Keep last 100 GUIDs per feed (rolling window)
Stories older than 30 days are automatically removed
Simple, no database needed

Implementation Status:

✅ JSON-based persistence with atomic writes
✅ GUID tracking with rolling window
✅ Tests passing (12 tests)
✅ Thread-safe operations

Component 4: Rich Text Formatter (`richtext_formatter.py`) ✅ COMPLETE#

Responsibility: Format parsed Kagi stories into Coves rich text with facets

Key Function:

format_full(story: KagiStory) -> dict
- Returns: {"content": str, "facets": List[dict]}
- Builds plain text content with all sections
- Calculates UTF-8 byte positions for facets
- Applies bold, italic, and link facets
- Includes all sections: summary, highlights, perspectives, quote, sources
- Adds Kagi News attribution footer with link

Facet Types Applied:

social.coves.richtext.facet#bold - Section headers, perspective actors
social.coves.richtext.facet#italic - Quotes
social.coves.richtext.facet#link - All URLs (sources, Kagi story link)

Key Challenge: UTF-8 byte position calculation

Must handle multi-byte characters correctly (emoji, non-ASCII)
Use str.encode('utf-8') to get byte positions
Test with complex characters

Implementation Status:

✅ Full rich text formatting with facets
✅ UTF-8 byte position calculation working correctly
✅ Tests passing (10 tests)
✅ Handles all sections: summary, highlights, perspectives, quote, sources

Component 5: Coves Client (`coves_client.py`) ✅ COMPLETE#

Responsibility: Handle authentication and post creation via Coves API

Implementation Note: Uses direct HTTP client instead of ATProto SDK for simplicity in MVP.

Key Functions:

authenticate() -> dict
- Authenticates aggregator using credentials
- Returns auth token for subsequent API calls
create_post(community_handle: str, title: str, content: str, facets: List[dict], ...) -> dict
- Calls Coves post creation endpoint
- Includes aggregator authentication
- Returns post URI and metadata

Authentication Flow:

Load aggregator credentials from environment
Authenticate with Coves API
Store and use auth token for requests
Handle token refresh if needed

Implementation Status:

✅ HTTP-based client implementation
✅ Authentication and token management
✅ Post creation with all required fields
✅ Error handling and retries

Component 6: Config Manager (`config.py`) ✅ COMPLETE#

Responsibility: Load and validate configuration from YAML and environment

Key Functions:

load_config(config_path: str) -> AggregatorConfig
- Loads YAML configuration
- Validates structure and required fields
- Merges with environment variables
- Returns validated config object

Implementation Status:

✅ YAML parsing with validation
✅ Environment variable support
✅ Tests passing (3 tests)
✅ Clear error messages for config issues

Main Orchestration (`main.py`) ✅ COMPLETE#

Responsibility: Coordinate all components in a single execution (called by CRON)

Flow (Single Run):

Load configuration from config.yaml
Load environment variables (AGGREGATOR_DID, AGGREGATOR_PRIVATE_KEY)
Initialize all components (fetcher, parser, formatter, client, state)
For each enabled feed in config: a.
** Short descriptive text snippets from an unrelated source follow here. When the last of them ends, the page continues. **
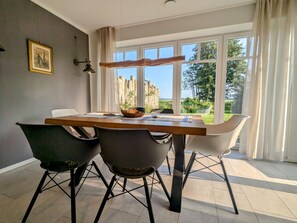 Dining - Admiral's Corner Luv by Interhome (Born)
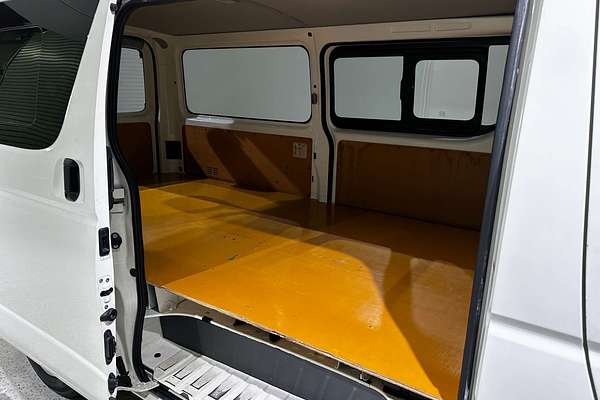 2020 Toyota Hiace GDH201V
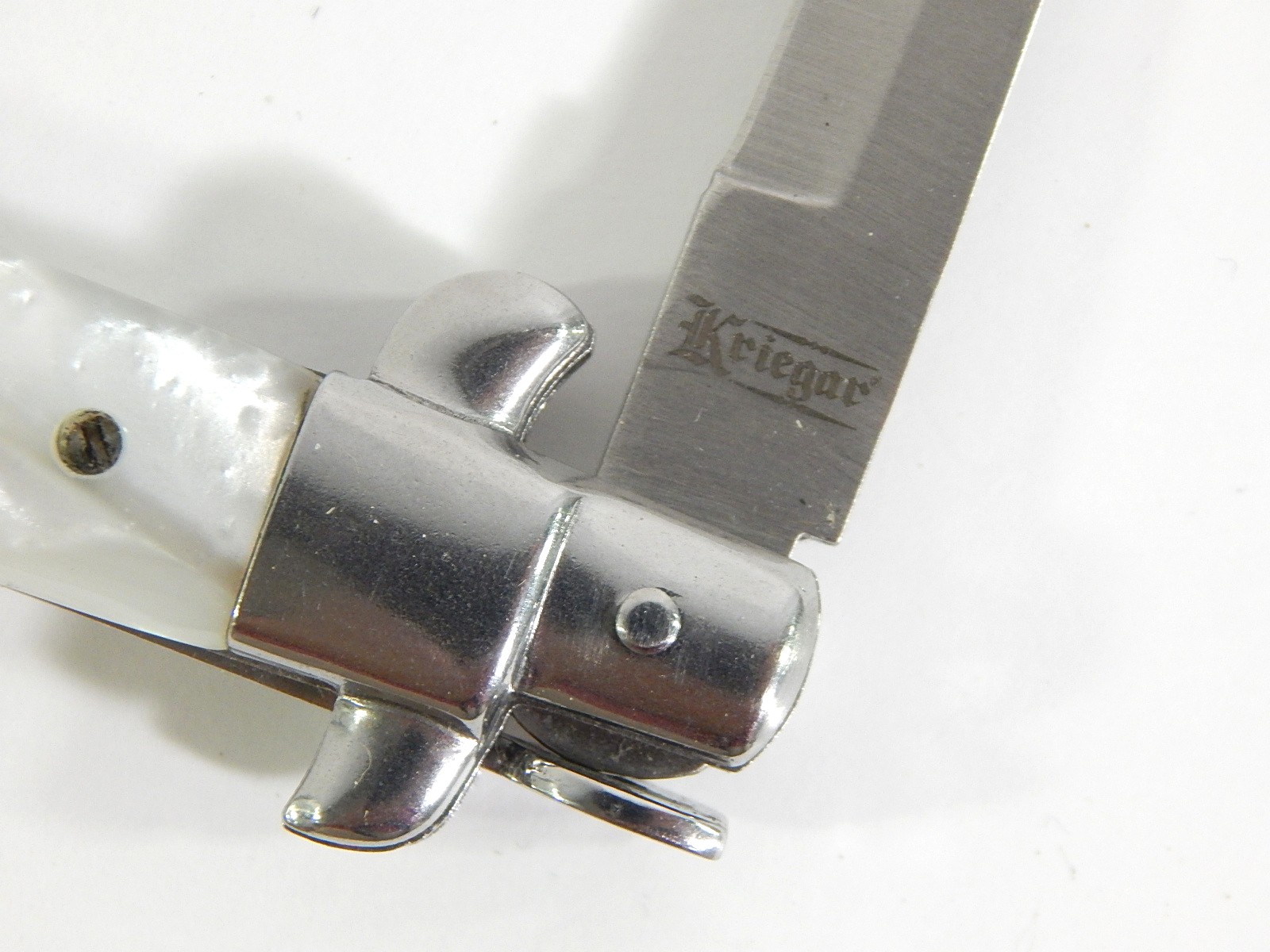 Kriegar Stiletto Lockback Folding Knive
Fetch RSS feed b. Parse all items c. Filter out already-posted items (check state) d. For each new item:
- Parse HTML to structured KagiStory
- Format post content with rich text facets
- Build post record (with hot-linked image if present)
- Create post via XRPC
- Mark as posted in state e. Update last run timestamp
Save state to disk
Log summary (posts created, errors encountered)
Exit (CRON will call again on schedule)

Error Isolation:

Feed-level: One feed failing doesn't stop others
Item-level: One item failing doesn't stop feed processing
Continue on non-fatal errors, log all failures
Exit code 0 even with partial failures (CRON won't alert)
Exit code 1 only on catastrophic failure (config missing, auth failure)

Implementation Status:

✅ Complete orchestration logic implemented
✅ Feed-level and item-level error isolation
✅ Structured logging throughout
✅ Tests passing (9 tests covering various scenarios)
✅ Dry-run mode for testing

Deployment (Docker Compose with CRON)#

Dockerfile#

FROM python:3.11-slim

WORKDIR /app

# Install cron
RUN apt-get update && apt-get install -y cron && rm -rf /var/lib/apt/lists/*

# Install dependencies
COPY requirements.txt .
RUN pip install --no-cache-dir -r requirements.txt

# Copy source code and scripts
COPY src/ ./src/
COPY scripts/ ./scripts/
COPY crontab /etc/cron.d/kagi-news-cron

# Set up cron
RUN chmod 0644 /etc/cron.d/kagi-news-cron && \
    crontab /etc/cron.d/kagi-news-cron && \
    touch /var/log/cron.log

# Create non-root user for security
RUN useradd --create-home appuser && \
    chown -R appuser:appuser /app && \
    chown appuser:appuser /var/log/cron.log

USER appuser

# Run cron in foreground
CMD ["cron", "-f"]

Crontab Configuration (`crontab`)#

# Run Kagi News aggregator daily at 1 PM UTC (after Kagi updates around noon)
0 13 * * * cd /app && /usr/local/bin/python -m src.main >> /var/log/cron.log 2>&1

# Blank line required at end of crontab

docker-compose.yml#

version: '3.8'

services:
  kagi-news-aggregator:
    build: .
    container_name: kagi-news-aggregator
    restart: unless-stopped

    environment:
      # Aggregator identity (from aggregator creation)
      - AGGREGATOR_DID=${AGGREGATOR_DID}
      - AGGREGATOR_PRIVATE_KEY=${AGGREGATOR_PRIVATE_KEY}

    volumes:
      # Config file (read-only)
      - ./config.yaml:/app/config.yaml:ro
      # State file (read-write for deduplication)
      - ./data/state.json:/app/data/state.json

    logging:
      driver: "json-file"
      options:
        max-size: "10m"
        max-file: "3"

Environment Variables:

AGGREGATOR_DID: PLC DID created for this aggregator instance
AGGREGATOR_PRIVATE_KEY: Base64-encoded private key for signing

Volumes:

config.yaml: Feed-to-community mappings (user-editable)
data/state.json: Deduplication state (managed by aggregator)

Deployment:

# On same host as Coves
cd aggregators/kagi-news
cp config.example.yaml config.yaml
# Edit config.yaml with your feed mappings

# Set environment variables
export AGGREGATOR_DID="did:plc:xyz..."
export AGGREGATOR_PRIVATE_KEY="base64-key..."

# Start aggregator
docker-compose up -d

# View logs
docker-compose logs -f

Image Handling Strategy (MVP)#

Approach: Hot-Linked Images via External Embed#

The MVP uses hot-linked images from Kagi's proxy:

Flow:

Extract image URL from HTML description (https://kagiproxy.com/img/...)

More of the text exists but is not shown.